2. Why don't I receive a standard JSON response when stream: true is enabled?
When streaming is enabled (stream: true), the API uses the Server-Sent Events (SSE) protocol to return data chunks continuously. Each chunk is sent as data: {...}, and a data: [DONE] message is sent when the transmission is complete. Developers must read the stream line-by-line and parse the JSON strings following the data: prefix to reconstruct the full response.
3. The documentation suggests modifying either temperature or top_p, but not both. Why?
Both parameters control the randomness and diversity of the model's output. temperature changes the probability distribution by scaling logits, while top_p (nucleus sampling) limits the candidate pool by truncating low-probability cumulative tokens. Adjusting both simultaneously makes the model's behavior difficult to predict and control. The best practice is to keep one at its default value and adjust the other.

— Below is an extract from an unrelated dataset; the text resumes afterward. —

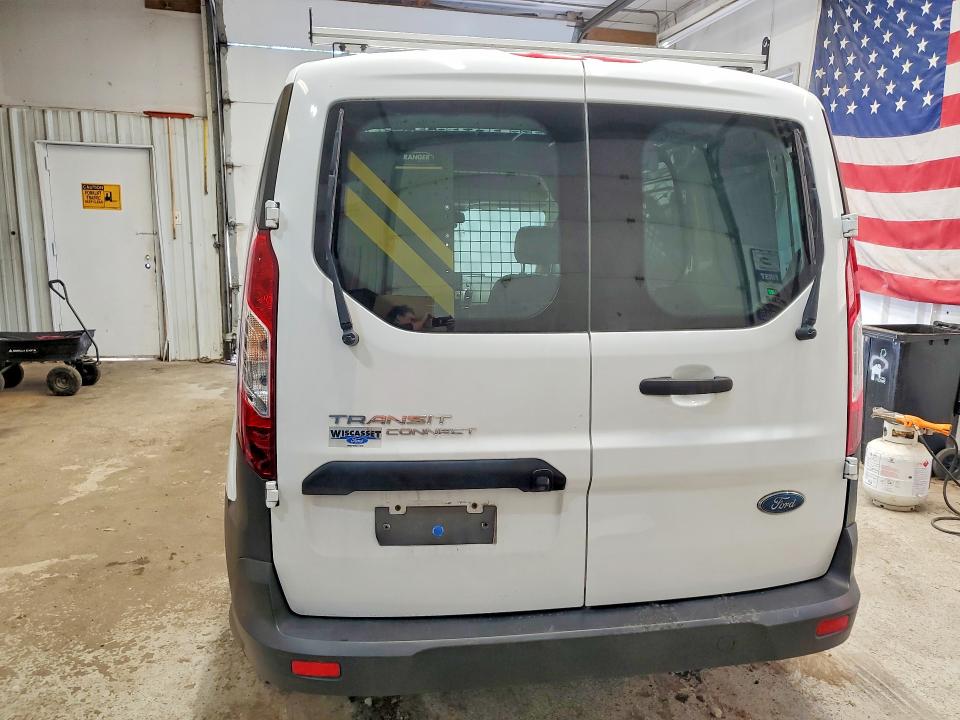 Aukcja sprzedaży 2020 Ford Transit Connect, vin: NM0LS7E22L1471721, numer aukcji: 50389176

4. What does it mean if finish_reason returns "length"?
This indicates that the model's response was forcibly truncated. This usually happens for two reasons: either the number of generated tokens reached the max_tokens limit set in the request, or the total tokens (prompt + completion) exceeded the model's maximum context window limit. In such cases, consider shortening the conversation history or increasing the max_tokens parameter.
5. How can I force the model to return data in JSON format?
You can enable JSON mode by passing "response_format": {"type": "json_object"} in the request body. Extremely Important: When enabling this mode, you must also explicitly instruct the model to output JSON via natural language in the messages (usually in the system or user prompt). Otherwise, the model might generate an infinite sequence of whitespace until it hits the token limit.